* The task
Select every line containing the word "warm" from the material, and copy those lines.

━━━ Material provided

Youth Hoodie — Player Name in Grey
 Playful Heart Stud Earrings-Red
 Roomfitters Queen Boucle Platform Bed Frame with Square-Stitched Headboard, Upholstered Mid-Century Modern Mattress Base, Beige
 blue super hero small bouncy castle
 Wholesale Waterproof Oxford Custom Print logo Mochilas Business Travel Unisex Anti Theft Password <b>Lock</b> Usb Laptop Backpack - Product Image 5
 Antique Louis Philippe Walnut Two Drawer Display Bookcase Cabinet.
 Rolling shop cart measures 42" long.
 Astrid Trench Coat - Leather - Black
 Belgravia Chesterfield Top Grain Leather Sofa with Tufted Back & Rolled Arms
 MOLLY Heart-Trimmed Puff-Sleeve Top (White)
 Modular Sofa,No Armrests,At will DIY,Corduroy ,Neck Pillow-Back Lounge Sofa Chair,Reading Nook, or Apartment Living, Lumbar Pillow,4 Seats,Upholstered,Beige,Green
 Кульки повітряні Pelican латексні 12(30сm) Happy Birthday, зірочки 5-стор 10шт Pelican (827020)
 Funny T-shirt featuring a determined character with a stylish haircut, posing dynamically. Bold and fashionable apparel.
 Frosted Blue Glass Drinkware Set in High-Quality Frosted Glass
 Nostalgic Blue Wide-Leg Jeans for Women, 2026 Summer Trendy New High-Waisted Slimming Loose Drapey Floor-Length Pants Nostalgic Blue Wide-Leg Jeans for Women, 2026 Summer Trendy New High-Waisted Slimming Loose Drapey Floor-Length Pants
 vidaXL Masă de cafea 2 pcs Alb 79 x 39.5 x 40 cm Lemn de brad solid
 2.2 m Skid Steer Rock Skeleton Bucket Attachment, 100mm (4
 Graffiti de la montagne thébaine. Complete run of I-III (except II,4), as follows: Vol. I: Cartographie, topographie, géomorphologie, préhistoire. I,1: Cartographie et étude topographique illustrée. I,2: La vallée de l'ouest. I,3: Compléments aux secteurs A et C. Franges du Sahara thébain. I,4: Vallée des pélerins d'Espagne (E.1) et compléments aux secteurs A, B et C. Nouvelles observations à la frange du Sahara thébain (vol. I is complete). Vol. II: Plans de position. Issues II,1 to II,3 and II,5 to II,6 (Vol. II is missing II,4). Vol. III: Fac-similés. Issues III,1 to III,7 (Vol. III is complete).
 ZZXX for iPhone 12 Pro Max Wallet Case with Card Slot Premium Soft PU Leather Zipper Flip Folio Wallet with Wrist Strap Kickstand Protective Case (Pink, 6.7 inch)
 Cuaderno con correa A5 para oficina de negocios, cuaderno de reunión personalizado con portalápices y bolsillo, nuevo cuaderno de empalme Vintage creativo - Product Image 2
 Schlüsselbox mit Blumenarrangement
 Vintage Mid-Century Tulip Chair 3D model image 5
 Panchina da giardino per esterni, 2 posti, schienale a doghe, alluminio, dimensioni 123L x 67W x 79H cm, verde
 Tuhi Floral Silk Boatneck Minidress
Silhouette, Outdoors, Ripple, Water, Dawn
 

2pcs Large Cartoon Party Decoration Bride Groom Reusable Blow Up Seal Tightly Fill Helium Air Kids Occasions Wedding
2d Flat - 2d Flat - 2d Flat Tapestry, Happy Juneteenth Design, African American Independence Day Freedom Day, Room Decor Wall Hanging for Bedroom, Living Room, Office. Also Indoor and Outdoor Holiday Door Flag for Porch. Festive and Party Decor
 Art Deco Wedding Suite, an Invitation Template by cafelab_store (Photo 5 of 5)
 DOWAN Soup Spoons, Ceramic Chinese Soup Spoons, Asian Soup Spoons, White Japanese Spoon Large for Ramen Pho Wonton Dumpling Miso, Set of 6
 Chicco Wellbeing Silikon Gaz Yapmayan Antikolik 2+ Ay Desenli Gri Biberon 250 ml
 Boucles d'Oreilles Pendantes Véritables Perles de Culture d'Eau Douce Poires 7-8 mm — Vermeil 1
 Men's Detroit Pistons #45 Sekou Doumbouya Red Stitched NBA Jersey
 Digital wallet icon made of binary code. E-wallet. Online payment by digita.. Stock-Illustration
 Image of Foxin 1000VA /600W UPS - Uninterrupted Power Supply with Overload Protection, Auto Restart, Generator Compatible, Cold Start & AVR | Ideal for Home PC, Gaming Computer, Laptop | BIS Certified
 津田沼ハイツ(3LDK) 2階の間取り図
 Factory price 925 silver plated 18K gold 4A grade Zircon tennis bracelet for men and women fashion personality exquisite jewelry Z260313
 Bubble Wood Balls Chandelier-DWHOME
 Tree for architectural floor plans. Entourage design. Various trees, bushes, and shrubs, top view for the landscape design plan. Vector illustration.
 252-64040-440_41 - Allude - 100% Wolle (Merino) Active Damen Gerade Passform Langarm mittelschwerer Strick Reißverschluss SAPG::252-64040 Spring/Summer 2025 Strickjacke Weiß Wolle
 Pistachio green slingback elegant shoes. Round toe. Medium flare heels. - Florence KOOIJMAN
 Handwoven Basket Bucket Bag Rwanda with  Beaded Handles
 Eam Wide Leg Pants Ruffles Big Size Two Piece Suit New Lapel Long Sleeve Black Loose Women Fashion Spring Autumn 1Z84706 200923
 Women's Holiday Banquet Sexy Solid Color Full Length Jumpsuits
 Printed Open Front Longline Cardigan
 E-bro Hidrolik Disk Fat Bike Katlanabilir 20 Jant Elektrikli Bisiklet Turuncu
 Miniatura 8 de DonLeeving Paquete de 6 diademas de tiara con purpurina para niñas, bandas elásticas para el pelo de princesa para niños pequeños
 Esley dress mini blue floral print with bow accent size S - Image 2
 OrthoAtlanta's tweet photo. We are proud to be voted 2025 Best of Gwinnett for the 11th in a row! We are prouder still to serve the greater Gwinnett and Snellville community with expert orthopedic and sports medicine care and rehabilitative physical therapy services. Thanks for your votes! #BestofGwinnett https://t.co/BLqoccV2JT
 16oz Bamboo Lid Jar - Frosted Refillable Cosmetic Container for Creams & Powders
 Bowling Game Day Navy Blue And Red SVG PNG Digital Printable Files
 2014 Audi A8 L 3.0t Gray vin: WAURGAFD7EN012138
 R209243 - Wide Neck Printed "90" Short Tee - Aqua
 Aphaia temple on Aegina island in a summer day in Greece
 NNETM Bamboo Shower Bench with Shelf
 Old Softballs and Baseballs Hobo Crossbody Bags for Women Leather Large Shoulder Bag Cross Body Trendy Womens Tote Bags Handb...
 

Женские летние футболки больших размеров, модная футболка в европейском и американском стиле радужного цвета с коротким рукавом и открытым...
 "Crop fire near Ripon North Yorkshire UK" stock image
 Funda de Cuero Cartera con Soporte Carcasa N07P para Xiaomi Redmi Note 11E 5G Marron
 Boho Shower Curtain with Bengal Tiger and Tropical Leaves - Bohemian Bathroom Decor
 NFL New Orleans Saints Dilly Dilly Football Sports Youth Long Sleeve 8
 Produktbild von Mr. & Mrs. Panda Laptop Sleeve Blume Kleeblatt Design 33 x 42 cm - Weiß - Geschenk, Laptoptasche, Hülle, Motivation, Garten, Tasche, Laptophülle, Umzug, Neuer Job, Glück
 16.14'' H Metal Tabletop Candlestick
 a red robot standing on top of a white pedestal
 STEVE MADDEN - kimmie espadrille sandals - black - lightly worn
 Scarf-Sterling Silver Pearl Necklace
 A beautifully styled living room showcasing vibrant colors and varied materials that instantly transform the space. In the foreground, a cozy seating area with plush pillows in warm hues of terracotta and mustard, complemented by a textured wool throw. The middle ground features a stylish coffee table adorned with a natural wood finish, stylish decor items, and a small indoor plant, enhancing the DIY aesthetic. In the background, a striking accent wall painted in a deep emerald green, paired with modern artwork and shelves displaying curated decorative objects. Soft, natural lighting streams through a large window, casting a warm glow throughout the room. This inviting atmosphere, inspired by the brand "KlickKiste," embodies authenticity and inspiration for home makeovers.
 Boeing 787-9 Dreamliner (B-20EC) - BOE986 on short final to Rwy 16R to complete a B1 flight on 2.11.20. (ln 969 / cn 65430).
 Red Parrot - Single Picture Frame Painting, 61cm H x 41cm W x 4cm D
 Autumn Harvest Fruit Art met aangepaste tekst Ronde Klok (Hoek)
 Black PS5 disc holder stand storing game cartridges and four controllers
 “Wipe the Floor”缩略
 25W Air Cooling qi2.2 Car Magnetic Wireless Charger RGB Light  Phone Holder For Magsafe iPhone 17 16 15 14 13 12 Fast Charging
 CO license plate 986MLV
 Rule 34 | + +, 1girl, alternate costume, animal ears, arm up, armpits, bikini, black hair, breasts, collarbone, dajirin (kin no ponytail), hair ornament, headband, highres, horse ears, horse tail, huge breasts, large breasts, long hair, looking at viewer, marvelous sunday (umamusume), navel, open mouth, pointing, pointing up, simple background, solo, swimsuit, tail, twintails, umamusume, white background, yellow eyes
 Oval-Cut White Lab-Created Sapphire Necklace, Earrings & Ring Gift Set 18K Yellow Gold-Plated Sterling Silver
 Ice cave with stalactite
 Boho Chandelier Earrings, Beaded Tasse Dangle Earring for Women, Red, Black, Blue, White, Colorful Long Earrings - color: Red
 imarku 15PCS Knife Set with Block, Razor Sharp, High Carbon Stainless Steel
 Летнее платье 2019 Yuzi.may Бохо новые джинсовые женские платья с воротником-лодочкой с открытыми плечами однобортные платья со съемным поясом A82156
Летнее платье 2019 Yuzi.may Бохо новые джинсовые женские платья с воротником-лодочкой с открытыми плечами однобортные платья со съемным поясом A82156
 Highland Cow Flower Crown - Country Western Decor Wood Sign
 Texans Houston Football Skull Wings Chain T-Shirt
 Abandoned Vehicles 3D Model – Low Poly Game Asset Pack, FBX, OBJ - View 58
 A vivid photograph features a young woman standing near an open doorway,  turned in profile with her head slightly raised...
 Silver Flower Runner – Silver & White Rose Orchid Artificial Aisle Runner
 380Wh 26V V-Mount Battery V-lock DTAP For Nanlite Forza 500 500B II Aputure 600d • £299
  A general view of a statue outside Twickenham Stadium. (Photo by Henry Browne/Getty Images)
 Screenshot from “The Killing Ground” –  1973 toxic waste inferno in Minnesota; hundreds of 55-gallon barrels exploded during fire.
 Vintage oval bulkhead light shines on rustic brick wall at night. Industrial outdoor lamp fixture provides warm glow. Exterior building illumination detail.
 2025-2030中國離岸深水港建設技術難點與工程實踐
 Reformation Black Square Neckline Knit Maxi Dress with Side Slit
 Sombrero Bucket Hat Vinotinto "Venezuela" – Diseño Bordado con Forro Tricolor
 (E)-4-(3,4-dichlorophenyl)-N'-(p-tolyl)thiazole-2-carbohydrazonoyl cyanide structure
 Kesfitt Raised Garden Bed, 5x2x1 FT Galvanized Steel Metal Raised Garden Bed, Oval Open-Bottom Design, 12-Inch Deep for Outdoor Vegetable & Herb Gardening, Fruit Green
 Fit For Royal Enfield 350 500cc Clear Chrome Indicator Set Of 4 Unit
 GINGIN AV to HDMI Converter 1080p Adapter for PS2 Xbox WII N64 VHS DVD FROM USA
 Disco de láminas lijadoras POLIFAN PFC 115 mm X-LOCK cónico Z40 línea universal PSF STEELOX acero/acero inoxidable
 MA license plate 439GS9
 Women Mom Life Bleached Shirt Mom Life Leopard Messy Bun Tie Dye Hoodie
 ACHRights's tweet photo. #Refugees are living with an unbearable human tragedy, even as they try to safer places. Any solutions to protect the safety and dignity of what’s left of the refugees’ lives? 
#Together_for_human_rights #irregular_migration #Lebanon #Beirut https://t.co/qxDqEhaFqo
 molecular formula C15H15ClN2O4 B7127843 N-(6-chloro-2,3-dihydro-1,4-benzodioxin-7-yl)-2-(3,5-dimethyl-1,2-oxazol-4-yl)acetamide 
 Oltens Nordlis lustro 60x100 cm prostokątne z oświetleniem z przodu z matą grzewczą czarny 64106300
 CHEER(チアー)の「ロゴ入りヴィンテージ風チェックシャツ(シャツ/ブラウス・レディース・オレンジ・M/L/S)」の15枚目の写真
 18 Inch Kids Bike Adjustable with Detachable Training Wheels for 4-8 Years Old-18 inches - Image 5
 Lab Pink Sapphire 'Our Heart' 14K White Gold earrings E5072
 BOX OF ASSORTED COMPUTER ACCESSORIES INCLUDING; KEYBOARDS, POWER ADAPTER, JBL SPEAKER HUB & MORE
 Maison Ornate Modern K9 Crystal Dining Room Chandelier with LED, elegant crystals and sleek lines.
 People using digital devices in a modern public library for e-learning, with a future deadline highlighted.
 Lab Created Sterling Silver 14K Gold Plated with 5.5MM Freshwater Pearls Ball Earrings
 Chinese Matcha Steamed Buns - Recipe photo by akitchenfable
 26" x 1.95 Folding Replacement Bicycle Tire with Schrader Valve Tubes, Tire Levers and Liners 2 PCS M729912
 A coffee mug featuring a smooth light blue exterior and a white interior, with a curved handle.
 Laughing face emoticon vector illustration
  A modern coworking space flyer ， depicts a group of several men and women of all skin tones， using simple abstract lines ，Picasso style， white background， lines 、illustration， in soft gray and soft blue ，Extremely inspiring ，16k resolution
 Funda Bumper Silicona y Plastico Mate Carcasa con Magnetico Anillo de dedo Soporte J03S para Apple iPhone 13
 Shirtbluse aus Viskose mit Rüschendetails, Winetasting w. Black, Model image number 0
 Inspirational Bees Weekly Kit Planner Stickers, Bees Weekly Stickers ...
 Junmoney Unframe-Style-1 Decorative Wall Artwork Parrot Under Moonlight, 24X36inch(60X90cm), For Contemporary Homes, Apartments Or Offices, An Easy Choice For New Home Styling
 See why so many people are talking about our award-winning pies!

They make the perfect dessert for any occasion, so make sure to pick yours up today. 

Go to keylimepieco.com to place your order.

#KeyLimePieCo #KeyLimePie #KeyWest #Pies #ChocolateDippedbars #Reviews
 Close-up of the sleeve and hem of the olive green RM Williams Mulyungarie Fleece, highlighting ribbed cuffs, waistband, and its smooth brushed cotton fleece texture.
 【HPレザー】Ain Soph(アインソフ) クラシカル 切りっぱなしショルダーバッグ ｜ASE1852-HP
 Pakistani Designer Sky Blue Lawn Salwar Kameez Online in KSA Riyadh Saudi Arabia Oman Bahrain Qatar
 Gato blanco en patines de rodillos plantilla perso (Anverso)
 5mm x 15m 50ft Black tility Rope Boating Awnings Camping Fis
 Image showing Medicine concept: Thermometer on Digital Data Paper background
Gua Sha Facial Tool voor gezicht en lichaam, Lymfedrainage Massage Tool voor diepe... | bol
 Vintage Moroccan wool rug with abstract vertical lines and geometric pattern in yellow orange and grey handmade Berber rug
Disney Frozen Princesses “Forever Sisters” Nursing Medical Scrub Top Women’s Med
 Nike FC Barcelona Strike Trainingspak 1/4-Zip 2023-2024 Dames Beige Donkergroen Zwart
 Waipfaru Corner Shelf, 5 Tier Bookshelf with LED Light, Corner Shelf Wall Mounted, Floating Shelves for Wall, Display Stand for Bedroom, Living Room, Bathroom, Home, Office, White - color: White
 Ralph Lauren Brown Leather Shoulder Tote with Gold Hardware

━━━━━━

* Finished exercise
 A beautifully styled living room showcasing vibrant colors and varied materials that instantly transform the space. In the foreground, a cozy seating area with plush pillows in warm hues of terracotta and mustard, complemented by a textured wool throw. The middle ground features a stylish coffee table adorned with a natural wood finish, stylish decor items, and a small indoor plant, enhancing the DIY aesthetic. In the background, a striking accent wall painted in a deep emerald green, paired with modern artwork and shelves displaying curated decorative objects. Soft, natural lighting streams through a large window, casting a warm glow throughout the room. This inviting atmosphere, inspired by the brand "KlickKiste," embodies authenticity and inspiration for home makeovers.
 Vintage oval bulkhead light shines on rustic brick wall at night. Industrial outdoor lamp fixture provides warm glow. Exterior building illumination detail.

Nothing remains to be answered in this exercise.